Struggling with steps for 3D reconstruction (Matlab)

Question

We've been asked to do 3D reconstruction (masters module for PhD), and I'm pulling my hair out. I'm not sure if I'm missing any steps, or if I've done them wrong. I've tried to google the code, and replace their functions with mine, just to see if I can get correct results from that, which I can't.

I'll just go through the steps of what I'm doing so far, and I hope one of you can tell me I'm missing something obvious:

Images I'm using: https://i.sstatic.net/44vdI.jpg

• Load calibration left and right images, click on corresponding points to get P1 and P2

• Use RQ decomp to get K1 & K2 (and R1, R2, t1, t2, but I don't seem to use them anywhere. Originally I tried doing R = R1*R2', t = t2-t1 to create my new P2 after setting P1 to be canonical (I|0), but that didn't work either).

• Set P1 to be canonical (I | 0)

• Calculate fundamental matrix F, and corresponding points im1, im2 using RANSAC.

• Get colour of pixels at the points

• Get essential matrix E by doing K2' * F * K1

• Get the 4 different projection matrices from E, and then select right one

• Triangulate matches using P1, P2, im1, im2 to get 3D points

• Use scatter plot to plot 3D points, giving them the RGB value of the pixel at that point.

• My unsatisfactory result:

  

At the moment, since I'm not getting ANYWHERE, I'd like to go for the simplest option and work my way up. FYI, I'm using matlab. If anyone's got any tips at all, I'd really love to hear them.

Answer 1

Turns out to be a weird reason why it wasn't working. I was using matlab's detectSURFFeatures, which gives inaccurate matching pairs. I never assumed it to be wrong, but one of my coursemates had the same issue. I changed it to use detectEigenMinFeatures instead and it works fine! Here's my result now, it's not perfect, but it's much, much better:

Answer 2

If you already have P1 and P2, then you can simply triangulate matching pairs of points from the two images. There is no need to estimate the fundamental matrix.

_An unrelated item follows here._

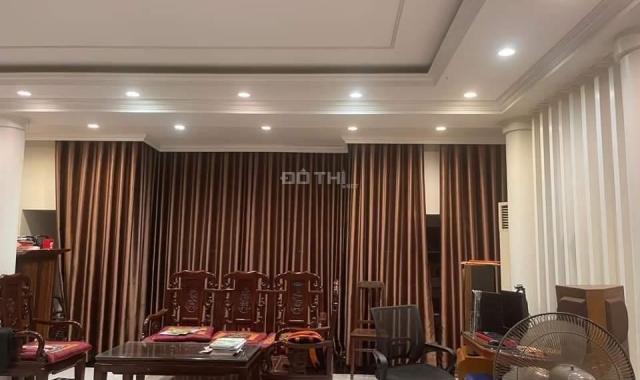 Bán biệt thự Linh Đàm độc, đắc địa, lô góc 2 mặt phố 40m mặt tiền, 330m2 kinh doanh đỉnh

If you only have the intrinsics (K for a single camera, or K1 and K2 for two different cameras), then you approach is valid:

1. Estimate fundamental matrix
2. Get essential matrix
3. Decompose E into R and t
4. Set P1 to canonical, and compute P2 from K, R, and t.
5. Triangulate matching points using P1 and P2.

This approach is illustrated in an example in the Computer Vision System Toolbox.

In either case, you should check your code carefully, and make sure all the matrices make sense. MATLAB's convention is to multiply a row vector by a matrix, while many textbooks multiply a matrix by a column vector. So matrices may need to be transposed.

And before that, plot your point matches using showMatchedFeatures to make sure those make sense.